Despite their problems twisted pair cables are utilized because
they provide electrical characteristics that are closely comparable
to the electrical characteristics of coaxial cable. Of course, the
cost of coaxial cable prevents its widespread use in the
environment here discussed.
The cable disclosed and claimed in U.S. patent application Ser. No.
06/769,725, filed Aug. 27, 1985, a continuation-in-part of; Ser.
No. 670,948, filed Nov. 13, 1984 both now abandoned, assigned to
the present assignee provides a cable assembly using ordinary
individual jacketed conductors arranged in a form that is less
expensive to manufacture, less bulky and more flexible when
manufactured and yet provides substantially equivalent or better
electrical characteristics than are available in a cable using
twisted pairs. Moreover, the relatively less expensive material
cost associated with individual jacketed conductor as compared to
twisted pairs leads one to form a cable from such conductors.
This cable, also known as the HPIB-II cable, uses insulated
jacketed conductors arranged in an annular array in the annular
space defined between an inner and an outer metallic sheath.
Alternate ones of the insulated jacketed conductors in the array
are designated as signal carrying conductors. The remaining
conductors are electrically connected to the metallic sheaths. When
the sheaths and the conductors associated with the sheaths are
connected to a predetermined ground potential a cable is defined
which permits each signal carrying conductor to be electrically
isolated along its entire axial length. However, the grounding of
alternate ones of the individual conductors eliminates their use as
signal carrying conductors, thus limiting the density of the
cable.
The above-mentioned application also discloses and claims a cable
which overcomes this limitation by having the remaining conductors
used as signal return lines. The metallic sheaths assist in
partially shielding the signal carrying conductors, but a sacrifice
of some electrical performance over the totally isolated case
occurs.
In view of the foregoing it is believed advantageous to provide a
cable structure that utilize ordinary insulated jacketed
conductors, makes maximum use of such conductors for signal
carrying purposes, and yet electromagnetically isolates each signal
carrying conductor along its entire axial length. In addition, it
is believed advantageous to use ordinary jacketed conductors in
both round and flat cable forms which maintains total
electromagnetic isolation of the conductors along their entire
axial length, thus approximating closely the electrical performance
of a coaxial cable.
SUMMARY OF THE INVENTION
The present invention relates to a cable structure, in either round
or flat form, which utilizes ordinary insulated jacketed conductors
and which includes a corrugated separating member, or septum, to
electromagnetically isolate each conductor along its entire length.

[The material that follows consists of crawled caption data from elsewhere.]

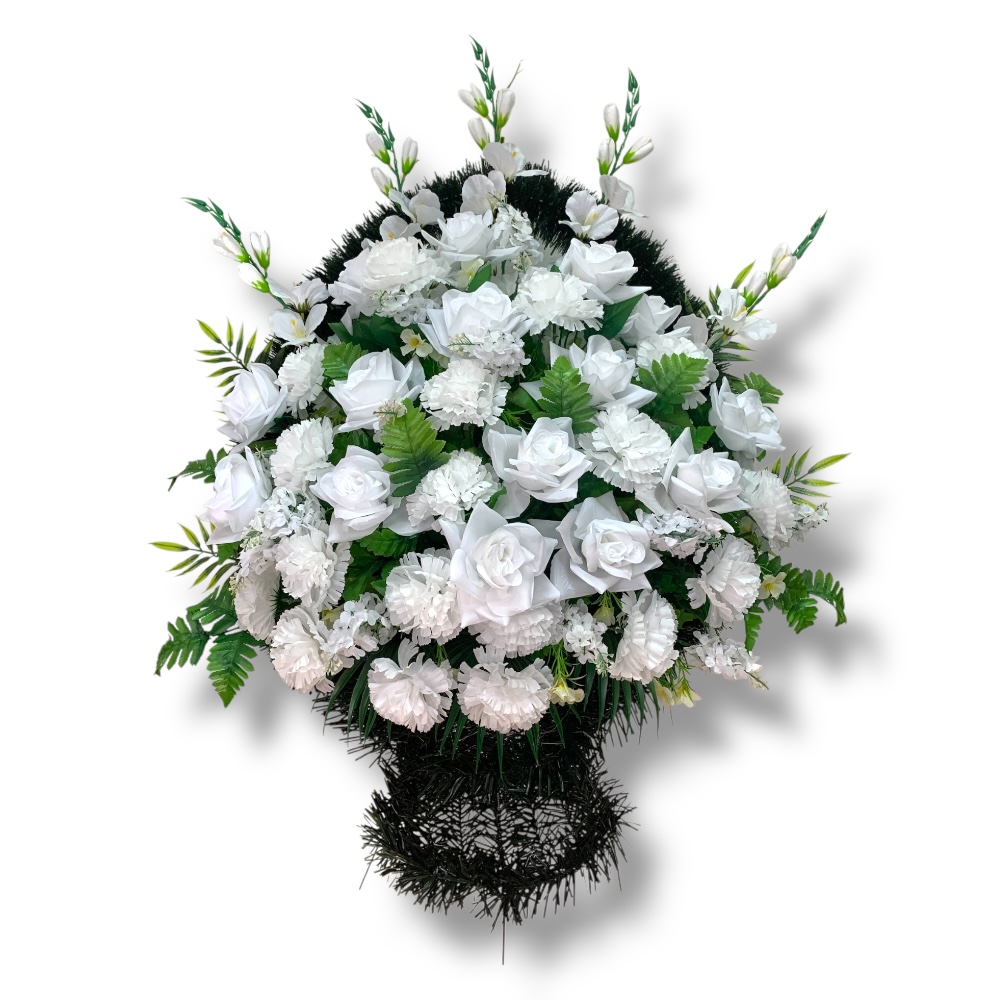 Арт. КИ-033 Корзина элитная из искусственных цветов на могилу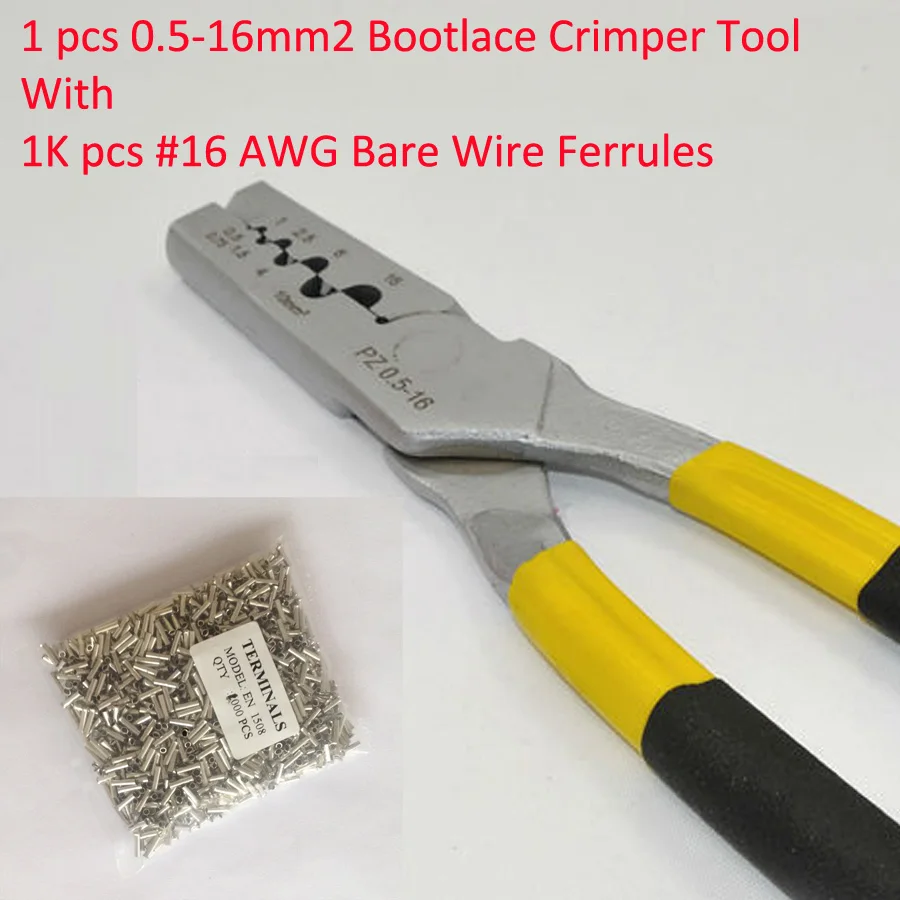 PZ0.5-16 0.5-16mm2 Crimping Tool Bootlace Ferrule Crimper and 1K #16 AWG EN1508 Bare Bootlace Wire Ferrules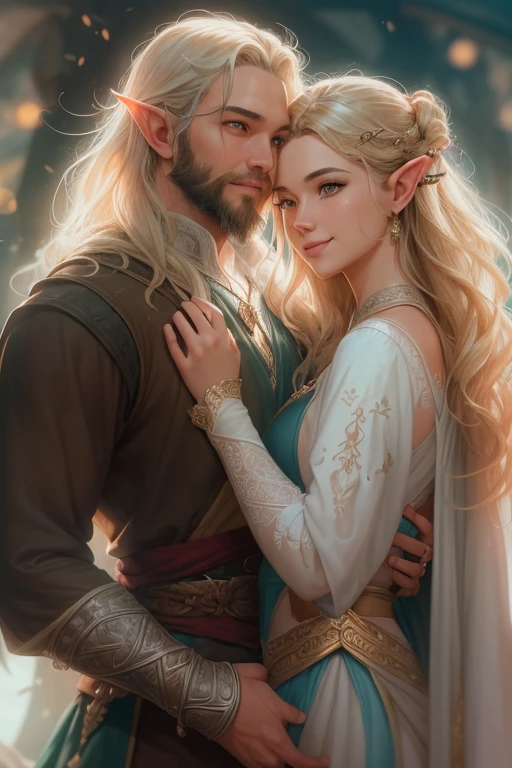 ((A smiling couple in love)), ((woman with long brown hair an elvish dress)), standing with ((a masculine man with short blonde hair and a full blonde beard wearing elvish clothes)), blue eyes, hair with many details, 8k artgerm bokeh, fanart best artstation, render photorealistic, guweiz-style art, inspired by WLOP, ig model | artgerm, detailed waist up portrait, stunning wait up portrait of realistic face, beautiful waist up portrait, deviantart artstation cgscosiety, cinematic realistic portrait, high quality portrait, elegant digital painting, photorealistic artstyle, ((rivendel background)), ((looking at the camera)), lord of the rings, perfect face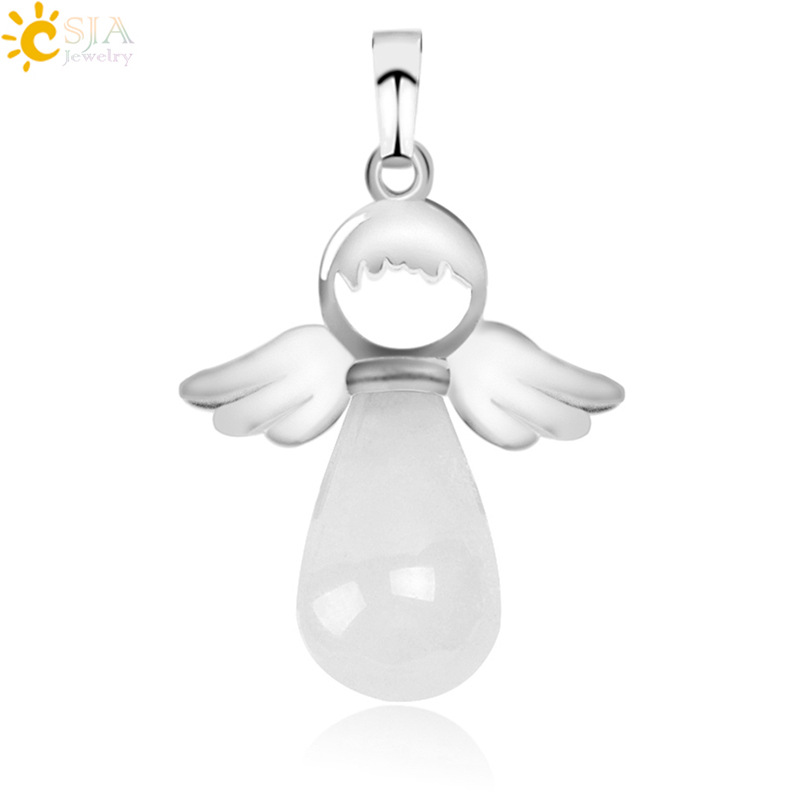 Natural Stones Angels Wings Pendant for Necklace Pink Quartz Onyx Pendants Silver-color Water Drop Female Jewelry Gift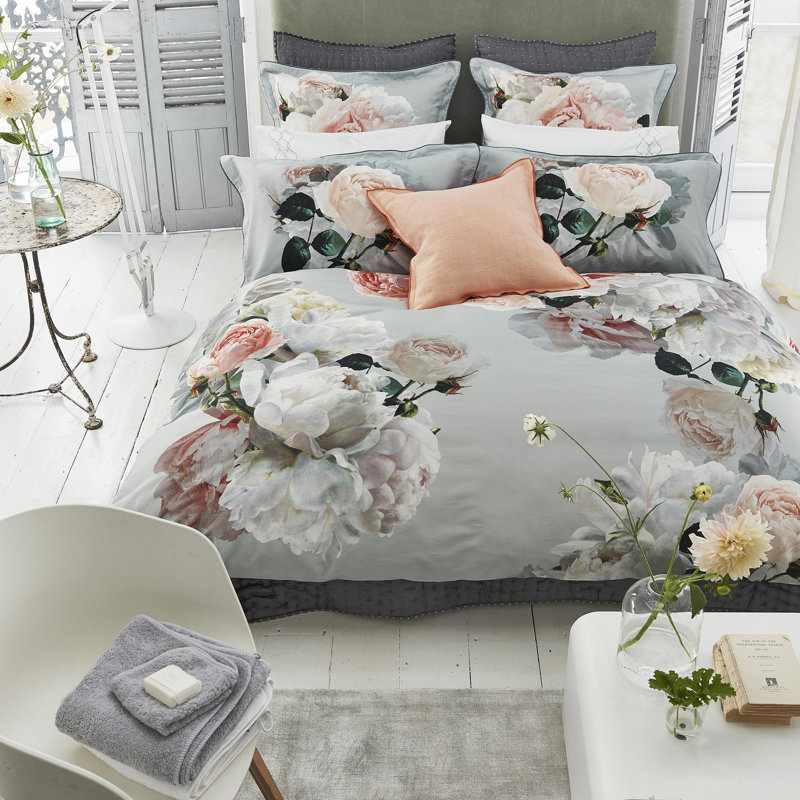 Peonia Grande Zinc Duvet Cover, King Duvet Cover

In its broadest aspect, the septum has opposed surfaces each having
a groove formed therein with a conductive layer disposed in each
groove. The conducting layers are in electrical contact. An
ordinary insulated jacketed conductor is disposed in each groove,
with the axes of the conductors lying on a common locus. The
conductive layers are, in use, maintained at a predetermined
electrical potential such that each conductor is
electromagnetically isolated along its entire axial length.
In one aspect, the septum is used in a round cable configuration
that includes an inner and an outer conducting member, or sheath,
concentrically arranged to define an annular axially extending
volume on the interior of the cable. The corrugated septum has a
plurality of alternating ridges and grooves and is disposed in the
annular volume, with each of the ridges contacting against the
surface of the sheath to which it is radially proximal. As a result
a plurality of axially extending substantially tubular envelopes
are defined. At least one conductor is disposed in each of the
enveloped with the axes of the conductors lying on a circular
locus. In use, the sheaths as well as the corrugated septum are
electrically connected to a predetermined electrical potential,
typically ground potential, such that each of the conductors is
totally electromagnetically isolated along its entire length. Such
a cable structure utilizes each of the conductors as a signal
carrying conductor, while at the same time provides electrical
characteristics that closely approximate the characteristics of
coaxial cable.
In another aspect the invention relates to a preferred method for
manufacturing a round electrical cable as described comprising the
steps of providing an elongated inner metallic sheath, and
surrounding the inner sheath with an inner array of conductors.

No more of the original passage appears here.